Record set: Begin

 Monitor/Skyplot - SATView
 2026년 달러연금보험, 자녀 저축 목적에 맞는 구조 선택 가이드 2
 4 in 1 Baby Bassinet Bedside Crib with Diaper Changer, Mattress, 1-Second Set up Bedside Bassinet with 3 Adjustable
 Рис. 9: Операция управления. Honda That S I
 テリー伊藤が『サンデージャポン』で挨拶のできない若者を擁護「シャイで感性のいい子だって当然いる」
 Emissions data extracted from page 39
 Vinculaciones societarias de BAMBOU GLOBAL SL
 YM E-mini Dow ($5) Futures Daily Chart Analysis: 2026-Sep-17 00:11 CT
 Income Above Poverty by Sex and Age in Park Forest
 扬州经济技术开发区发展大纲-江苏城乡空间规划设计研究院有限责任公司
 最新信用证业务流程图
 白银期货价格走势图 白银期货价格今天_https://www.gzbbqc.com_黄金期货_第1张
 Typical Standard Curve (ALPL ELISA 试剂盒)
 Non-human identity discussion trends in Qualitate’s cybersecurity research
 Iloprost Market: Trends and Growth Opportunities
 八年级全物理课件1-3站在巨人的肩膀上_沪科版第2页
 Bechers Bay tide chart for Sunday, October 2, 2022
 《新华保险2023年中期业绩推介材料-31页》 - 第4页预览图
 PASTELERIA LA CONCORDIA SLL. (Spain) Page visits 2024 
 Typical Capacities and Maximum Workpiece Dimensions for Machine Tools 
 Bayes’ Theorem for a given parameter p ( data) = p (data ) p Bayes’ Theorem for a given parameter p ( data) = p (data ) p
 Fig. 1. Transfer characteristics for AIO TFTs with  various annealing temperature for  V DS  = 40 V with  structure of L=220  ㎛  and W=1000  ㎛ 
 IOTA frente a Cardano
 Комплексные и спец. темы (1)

Record set: End

## Exercise requirements
Each line of the records above, from the first through the one containing "Typical Standard Curve (ALPL ELISA 试剂盒)", is to be retyped exactly; no other line belongs.

## Solution
 Monitor/Skyplot - SATView
 2026년 달러연금보험, 자녀 저축 목적에 맞는 구조 선택 가이드 2
 4 in 1 Baby Bassinet Bedside Crib with Diaper Changer, Mattress, 1-Second Set up Bedside Bassinet with 3 Adjustable
 Рис. 9: Операция управления. Honda That S I
 テリー伊藤が『サンデージャポン』で挨拶のできない若者を擁護「シャイで感性のいい子だって当然いる」
 Emissions data extracted from page 39
 Vinculaciones societarias de BAMBOU GLOBAL SL
 YM E-mini Dow ($5) Futures Daily Chart Analysis: 2026-Sep-17 00:11 CT
 Income Above Poverty by Sex and Age in Park Forest
 扬州经济技术开发区发展大纲-江苏城乡空间规划设计研究院有限责任公司
 最新信用证业务流程图
 白银期货价格走势图 白银期货价格今天_https://www.gzbbqc.com_黄金期货_第1张
 Typical Standard Curve (ALPL ELISA 试剂盒)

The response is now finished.